ServiceContext.from_defaults(chunk_size=1024, llm=llm, embed_model='local'): This line creates an instance of the ServiceContext class with certain default settings. The from_defaults method is used to create a ServiceContext object with default values. If an argument is specified, then the argument value provided for that parameter is used. If an argument is not specified, then the default value is used.

chunk_size=1024: This sets the chunk size to 1024. The chunk size could refer to the number of tokens that the model processes at a time.

llm=llm: This sets the Large Language Model (LLM) that the service will use. In this case, it’s the llm object that was defined earlier in the code.

embed_model='local': This sets the embedding model to ‘local’. The embedding model could refer to a model that’s used to convert text into numerical vectors, which can then be processed by the LLM.

8. Initialize the Vector Store Index

Vector Store is a type of index that stores data as vector embeddings. These vector embeddings are numerical representations of the data that capture their semantic meaning. This allows for efficient similarity searches, where the most similar items to a given query are retrieved.

LlamaIndex offers the flexibility to store these vector embeddings either locally or in a purpose-built vector database like Milvus. When queried, LlamaIndex finds the top_k most similar nodes in the vector store and returns them to the response synthesizer.

In summary, a Vector Store in LlamaIndex is a powerful tool that enables efficient storage and retrieval of data in the form of vector embeddings, facilitating semantic similarity searches.

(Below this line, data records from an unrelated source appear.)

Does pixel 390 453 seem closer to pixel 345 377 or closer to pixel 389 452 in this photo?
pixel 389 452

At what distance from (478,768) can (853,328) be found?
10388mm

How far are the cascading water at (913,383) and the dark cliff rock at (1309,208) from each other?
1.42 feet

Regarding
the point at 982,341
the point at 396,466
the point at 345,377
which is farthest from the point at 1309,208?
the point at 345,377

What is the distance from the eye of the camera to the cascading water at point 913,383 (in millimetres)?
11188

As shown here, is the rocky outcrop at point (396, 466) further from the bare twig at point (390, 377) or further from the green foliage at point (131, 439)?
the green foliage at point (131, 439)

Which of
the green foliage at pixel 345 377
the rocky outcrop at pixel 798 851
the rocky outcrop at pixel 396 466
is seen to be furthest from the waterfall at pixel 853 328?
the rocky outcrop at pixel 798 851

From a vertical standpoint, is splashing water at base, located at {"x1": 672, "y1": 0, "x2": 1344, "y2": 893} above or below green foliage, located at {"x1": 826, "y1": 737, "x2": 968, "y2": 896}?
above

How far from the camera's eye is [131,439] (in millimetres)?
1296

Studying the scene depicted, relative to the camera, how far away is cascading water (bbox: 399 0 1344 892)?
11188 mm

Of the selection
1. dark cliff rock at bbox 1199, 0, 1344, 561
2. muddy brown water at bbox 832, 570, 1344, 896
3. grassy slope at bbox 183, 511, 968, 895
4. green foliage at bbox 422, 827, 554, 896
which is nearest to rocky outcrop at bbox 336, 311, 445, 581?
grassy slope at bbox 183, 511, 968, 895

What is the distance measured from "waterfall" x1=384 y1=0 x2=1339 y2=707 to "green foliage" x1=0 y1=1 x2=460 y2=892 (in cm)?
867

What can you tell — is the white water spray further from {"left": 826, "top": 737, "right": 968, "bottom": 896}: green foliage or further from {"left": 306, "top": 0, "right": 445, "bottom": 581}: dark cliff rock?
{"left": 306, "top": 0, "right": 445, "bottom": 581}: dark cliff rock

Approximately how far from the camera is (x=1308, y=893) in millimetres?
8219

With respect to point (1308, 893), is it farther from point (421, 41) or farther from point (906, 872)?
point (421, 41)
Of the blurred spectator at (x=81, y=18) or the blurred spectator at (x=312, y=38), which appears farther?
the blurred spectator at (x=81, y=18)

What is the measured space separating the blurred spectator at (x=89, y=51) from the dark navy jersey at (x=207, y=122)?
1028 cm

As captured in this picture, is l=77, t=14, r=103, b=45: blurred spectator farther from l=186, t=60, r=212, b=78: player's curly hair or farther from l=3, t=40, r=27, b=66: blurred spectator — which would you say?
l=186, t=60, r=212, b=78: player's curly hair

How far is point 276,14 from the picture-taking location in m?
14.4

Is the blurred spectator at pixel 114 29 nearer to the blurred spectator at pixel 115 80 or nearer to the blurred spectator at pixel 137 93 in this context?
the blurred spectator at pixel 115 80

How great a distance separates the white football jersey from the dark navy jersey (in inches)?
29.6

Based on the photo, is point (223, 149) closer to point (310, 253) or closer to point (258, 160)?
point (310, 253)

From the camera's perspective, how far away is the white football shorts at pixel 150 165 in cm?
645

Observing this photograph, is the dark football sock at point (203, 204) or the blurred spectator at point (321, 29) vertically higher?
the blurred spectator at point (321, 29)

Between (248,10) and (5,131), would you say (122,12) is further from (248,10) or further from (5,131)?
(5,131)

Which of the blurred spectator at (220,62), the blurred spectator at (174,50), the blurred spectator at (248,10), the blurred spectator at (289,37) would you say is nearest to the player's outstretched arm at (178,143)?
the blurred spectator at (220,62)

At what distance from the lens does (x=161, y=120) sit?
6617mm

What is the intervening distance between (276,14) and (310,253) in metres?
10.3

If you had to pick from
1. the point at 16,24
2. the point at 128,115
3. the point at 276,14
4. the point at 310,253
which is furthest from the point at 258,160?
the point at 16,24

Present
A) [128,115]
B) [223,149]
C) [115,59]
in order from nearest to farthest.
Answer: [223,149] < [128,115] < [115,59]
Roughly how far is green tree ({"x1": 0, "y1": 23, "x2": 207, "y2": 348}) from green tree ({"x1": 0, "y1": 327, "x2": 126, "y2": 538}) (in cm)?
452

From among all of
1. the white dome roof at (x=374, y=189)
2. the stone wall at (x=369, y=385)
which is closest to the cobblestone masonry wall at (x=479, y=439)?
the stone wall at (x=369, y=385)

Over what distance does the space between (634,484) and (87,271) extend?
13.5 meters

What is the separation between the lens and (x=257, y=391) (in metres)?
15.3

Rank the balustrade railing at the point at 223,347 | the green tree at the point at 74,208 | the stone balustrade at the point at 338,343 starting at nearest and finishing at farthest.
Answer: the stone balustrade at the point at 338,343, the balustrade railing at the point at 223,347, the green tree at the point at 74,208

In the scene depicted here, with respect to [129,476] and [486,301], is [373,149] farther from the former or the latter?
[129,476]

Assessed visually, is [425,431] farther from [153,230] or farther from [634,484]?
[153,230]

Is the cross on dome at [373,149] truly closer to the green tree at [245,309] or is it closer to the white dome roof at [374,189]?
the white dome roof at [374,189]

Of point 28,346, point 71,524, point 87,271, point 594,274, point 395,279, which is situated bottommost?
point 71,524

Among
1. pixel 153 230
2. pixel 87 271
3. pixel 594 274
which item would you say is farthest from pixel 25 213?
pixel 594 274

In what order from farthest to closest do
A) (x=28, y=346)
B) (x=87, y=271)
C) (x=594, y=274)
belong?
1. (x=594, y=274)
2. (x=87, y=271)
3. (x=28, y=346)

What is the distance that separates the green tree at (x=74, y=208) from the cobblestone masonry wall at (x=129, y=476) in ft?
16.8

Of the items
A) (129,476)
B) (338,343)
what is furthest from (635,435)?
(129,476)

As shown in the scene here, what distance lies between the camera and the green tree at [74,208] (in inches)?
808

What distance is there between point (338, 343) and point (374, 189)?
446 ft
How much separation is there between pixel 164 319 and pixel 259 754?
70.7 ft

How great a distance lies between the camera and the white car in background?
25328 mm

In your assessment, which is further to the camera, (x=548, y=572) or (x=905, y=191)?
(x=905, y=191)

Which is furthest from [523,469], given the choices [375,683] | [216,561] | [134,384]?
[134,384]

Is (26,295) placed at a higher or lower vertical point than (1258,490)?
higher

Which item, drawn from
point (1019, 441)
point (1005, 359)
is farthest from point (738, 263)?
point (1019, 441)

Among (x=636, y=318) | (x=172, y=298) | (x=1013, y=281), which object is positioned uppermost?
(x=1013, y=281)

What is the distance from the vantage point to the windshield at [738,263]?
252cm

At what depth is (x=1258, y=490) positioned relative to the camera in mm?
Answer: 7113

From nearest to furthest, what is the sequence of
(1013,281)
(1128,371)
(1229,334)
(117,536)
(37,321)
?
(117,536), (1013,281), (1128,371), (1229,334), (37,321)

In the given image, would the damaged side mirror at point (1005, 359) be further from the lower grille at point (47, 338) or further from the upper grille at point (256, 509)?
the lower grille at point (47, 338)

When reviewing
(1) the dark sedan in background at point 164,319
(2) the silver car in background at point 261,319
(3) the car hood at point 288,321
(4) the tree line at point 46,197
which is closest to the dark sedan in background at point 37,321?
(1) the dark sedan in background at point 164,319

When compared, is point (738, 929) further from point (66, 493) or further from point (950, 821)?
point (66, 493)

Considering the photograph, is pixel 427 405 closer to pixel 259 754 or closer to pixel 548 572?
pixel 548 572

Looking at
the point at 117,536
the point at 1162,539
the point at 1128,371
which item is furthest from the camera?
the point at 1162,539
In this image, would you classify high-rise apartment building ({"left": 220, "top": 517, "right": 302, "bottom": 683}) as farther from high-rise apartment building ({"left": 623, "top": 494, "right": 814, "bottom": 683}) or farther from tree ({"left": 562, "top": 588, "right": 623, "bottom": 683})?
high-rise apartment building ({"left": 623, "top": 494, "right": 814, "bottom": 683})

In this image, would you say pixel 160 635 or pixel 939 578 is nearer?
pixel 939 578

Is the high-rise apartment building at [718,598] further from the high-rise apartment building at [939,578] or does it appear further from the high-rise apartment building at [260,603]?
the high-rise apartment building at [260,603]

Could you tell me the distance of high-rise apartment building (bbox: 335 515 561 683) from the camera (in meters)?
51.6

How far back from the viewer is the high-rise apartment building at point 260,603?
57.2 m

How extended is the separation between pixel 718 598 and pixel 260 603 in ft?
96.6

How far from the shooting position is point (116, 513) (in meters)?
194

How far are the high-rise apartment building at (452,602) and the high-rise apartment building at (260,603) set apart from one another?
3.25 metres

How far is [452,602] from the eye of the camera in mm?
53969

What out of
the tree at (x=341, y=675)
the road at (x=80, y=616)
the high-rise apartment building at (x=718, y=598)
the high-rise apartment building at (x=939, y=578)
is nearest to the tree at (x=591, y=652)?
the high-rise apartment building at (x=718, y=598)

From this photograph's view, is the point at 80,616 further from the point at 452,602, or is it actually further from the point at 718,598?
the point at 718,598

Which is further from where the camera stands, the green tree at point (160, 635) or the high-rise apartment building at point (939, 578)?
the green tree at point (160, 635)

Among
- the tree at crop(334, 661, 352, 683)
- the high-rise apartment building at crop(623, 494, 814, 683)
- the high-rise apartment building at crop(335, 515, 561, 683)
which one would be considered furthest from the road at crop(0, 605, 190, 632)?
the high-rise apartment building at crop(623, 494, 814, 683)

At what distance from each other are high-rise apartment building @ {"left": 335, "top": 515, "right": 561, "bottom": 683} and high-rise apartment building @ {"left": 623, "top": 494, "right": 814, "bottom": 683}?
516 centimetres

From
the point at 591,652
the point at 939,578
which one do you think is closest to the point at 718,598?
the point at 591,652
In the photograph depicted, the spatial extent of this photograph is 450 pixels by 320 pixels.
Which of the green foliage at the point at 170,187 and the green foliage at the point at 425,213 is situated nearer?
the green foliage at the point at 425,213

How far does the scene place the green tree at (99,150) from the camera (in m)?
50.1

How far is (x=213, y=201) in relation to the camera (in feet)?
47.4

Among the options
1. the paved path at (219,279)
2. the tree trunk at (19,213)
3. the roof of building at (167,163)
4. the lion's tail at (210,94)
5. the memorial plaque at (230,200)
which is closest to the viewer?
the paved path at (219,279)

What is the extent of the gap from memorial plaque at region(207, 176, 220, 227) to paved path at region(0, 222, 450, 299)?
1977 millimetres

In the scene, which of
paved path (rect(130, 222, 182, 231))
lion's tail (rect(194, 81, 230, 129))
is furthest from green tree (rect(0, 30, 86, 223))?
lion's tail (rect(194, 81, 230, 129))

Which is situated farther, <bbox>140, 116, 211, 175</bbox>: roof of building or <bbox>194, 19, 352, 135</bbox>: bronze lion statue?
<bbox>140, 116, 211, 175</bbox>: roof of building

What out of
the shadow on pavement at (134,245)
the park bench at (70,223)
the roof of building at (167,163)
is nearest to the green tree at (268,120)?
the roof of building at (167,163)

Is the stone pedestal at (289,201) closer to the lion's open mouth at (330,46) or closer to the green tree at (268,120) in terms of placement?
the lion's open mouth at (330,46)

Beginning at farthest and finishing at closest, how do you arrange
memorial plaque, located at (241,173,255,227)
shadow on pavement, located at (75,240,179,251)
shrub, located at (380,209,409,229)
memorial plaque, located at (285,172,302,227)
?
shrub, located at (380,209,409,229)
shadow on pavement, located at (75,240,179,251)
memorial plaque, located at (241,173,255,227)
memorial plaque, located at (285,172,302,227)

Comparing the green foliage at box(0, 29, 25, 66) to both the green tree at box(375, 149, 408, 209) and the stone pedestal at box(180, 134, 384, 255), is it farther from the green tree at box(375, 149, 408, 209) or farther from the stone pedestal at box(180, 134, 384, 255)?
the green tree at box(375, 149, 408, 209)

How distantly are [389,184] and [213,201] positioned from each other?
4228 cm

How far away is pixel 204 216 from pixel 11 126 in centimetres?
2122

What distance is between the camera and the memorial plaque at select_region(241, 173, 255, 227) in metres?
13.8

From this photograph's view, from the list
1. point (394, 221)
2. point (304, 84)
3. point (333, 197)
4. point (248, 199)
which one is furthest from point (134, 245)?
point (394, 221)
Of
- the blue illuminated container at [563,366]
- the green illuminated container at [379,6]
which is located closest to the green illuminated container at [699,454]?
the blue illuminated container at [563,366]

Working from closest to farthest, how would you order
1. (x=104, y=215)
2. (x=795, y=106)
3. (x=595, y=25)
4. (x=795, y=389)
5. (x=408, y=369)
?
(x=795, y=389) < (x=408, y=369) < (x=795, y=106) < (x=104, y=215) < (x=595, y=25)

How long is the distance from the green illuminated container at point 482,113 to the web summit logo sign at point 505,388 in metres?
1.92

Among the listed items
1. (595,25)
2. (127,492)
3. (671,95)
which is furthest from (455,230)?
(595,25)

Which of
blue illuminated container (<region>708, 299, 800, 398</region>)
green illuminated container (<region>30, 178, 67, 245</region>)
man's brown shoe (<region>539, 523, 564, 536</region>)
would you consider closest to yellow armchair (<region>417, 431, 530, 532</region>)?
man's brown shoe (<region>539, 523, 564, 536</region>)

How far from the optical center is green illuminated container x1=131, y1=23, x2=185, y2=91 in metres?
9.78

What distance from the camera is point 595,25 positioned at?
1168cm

index = VectorStoreIndex.from_documents(
    documents, service_context=service_context
)

The provided Python code is using the VectorStoreIndex.from_documents() function from the LlamaIndex library to create a vector store index from a list of documents.

VectorStoreIndex.from_documents(documents, service_context = service_context): This line is calling the from_documents() method of the VectorStoreIndex class. This method takes a list of documents and a ServiceContext as arguments.

documents: This is a list of documents that you want to index. Each document in this list will be converted into a vector embedding and added to the index.

service_context=service_context: This is passing the ServiceContext that was defined earlier in the code. The ServiceContext contains settings and resources that are used during the indexing process.

9. Initialize the Query Engine

QueryEngine is a high-level component that combines a Retriever and a ResponseSynthesizer into a pipeline.

Retriever: This component fetches nodes (or data points) based on the query string.

ResponseSynthesizer: This component takes the nodes retrieved by the Retriever and sends them to the Large Language Model (LLM) to generate a response.

query_engine = index.as_query_engine(streaming=True)

index.as_query_engine(streaming=True): This line is calling the as_query_engine() method on the index object. This method transforms the index into a QueryEngine.

streaming=True: This argument enables streaming mode. When streaming mode is enabled, the QueryEngine returns a StreamingResponse object instead of a regular Response object. This allows you to process the response as it’s being generated, which can be useful for large responses that take a long time to generate.

query_engine = : This is assigning the QueryEngine returned by as_query_engine() to the variable query_engine.

10. Validate the Response

Let’s evaluate our model’s output. I’ve placed the research paper titled “Attention is All You Need” in the ‘data’ folder. Now, let’s pose a query to the model.

response_stream = query_engine.query("explain about cross attention?")
response_stream.print_response_stream()

The outputs look like this:

In conclusion, the article provides a guide on how to build a personal RAG Chatbot using LlamaIndex and Open LLMs. This tool can revolutionize your data interactions in a way that’s simple, accessible, and tailored to your needs.

See you later, Thanks for reading 😃.